Tommy’s mother is in the hospital, and he doesn’t quite understand why. He was sitting on the window seat in her room (which happened to be the For Every Season There is a Miracle Room) while she lay intubated and unconscious. I asked what was going on, and he got a little agitated and explained that he didn’t understand all the things the doctors had said. It was at that point I realized that Tommy has a lower IQ than many people, but it didn’t stop him from talking animatedly about his Baptist church right down the road. He proudly told me that it’s his job to cut the grass because he’s the only person who is qualified to do it, and just like that I thought of Forrest Gump, the ‘gozillionaire’ who offered to cut the massive town hall lawn for free.
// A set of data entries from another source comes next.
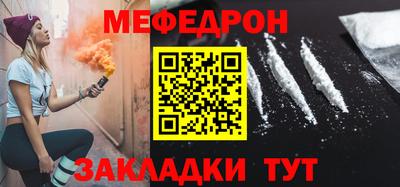 гашишное масло Тула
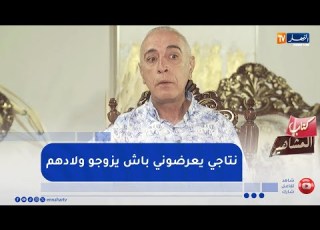  حكيم بطل برنامج لفهامة يحكي عن عدم زواجه بتأثر كبير 58 سنة بلا دار ولادراري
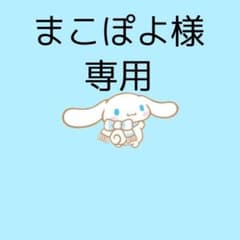 長谷川慎 フォトキーホルダー まこぽよ様 専用のサムネイル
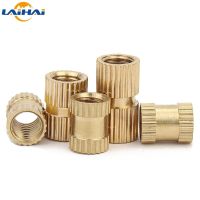 ✑ 10pcs US Standard 4 -40 6 -32 8 -32 10 1/4-20 Solid Brass Copper Hot Melt Adhesive Injection Molding Knurl Embedded Insert Nut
Tommy takes great pride in what he does, as if it were the most important thing in the world – and to him, it is. He also said to me that God is his special friend. I was envious of his ability to focus only on what’s right in front of him and be happy about it, until I realized that one needn’t be Forrest Gump to do that. Worrying about what might be is pointless. Of course, God told us that, but hey, I’m only human. I worry, and I imagine the worst, which nets me nothing more than unwanted stress. I think God sent Tommy to me, and me to Tommy, so that we could offer each other the support that each of us needs. For Tommy, it was prayer about his mother’s situation. For me, it was the lesson that I need to focus on what’s right in front of me, and put all my energy into that, instead of wasting it on the hypothetical. After all, you never know what you’re gonna get in that box of chocolates called life. When you get stuck with a coconut when you were really expecting caramel, instead of imagining where the caramel might be hiding, enjoying the chocolate that covers the coconut is what counts.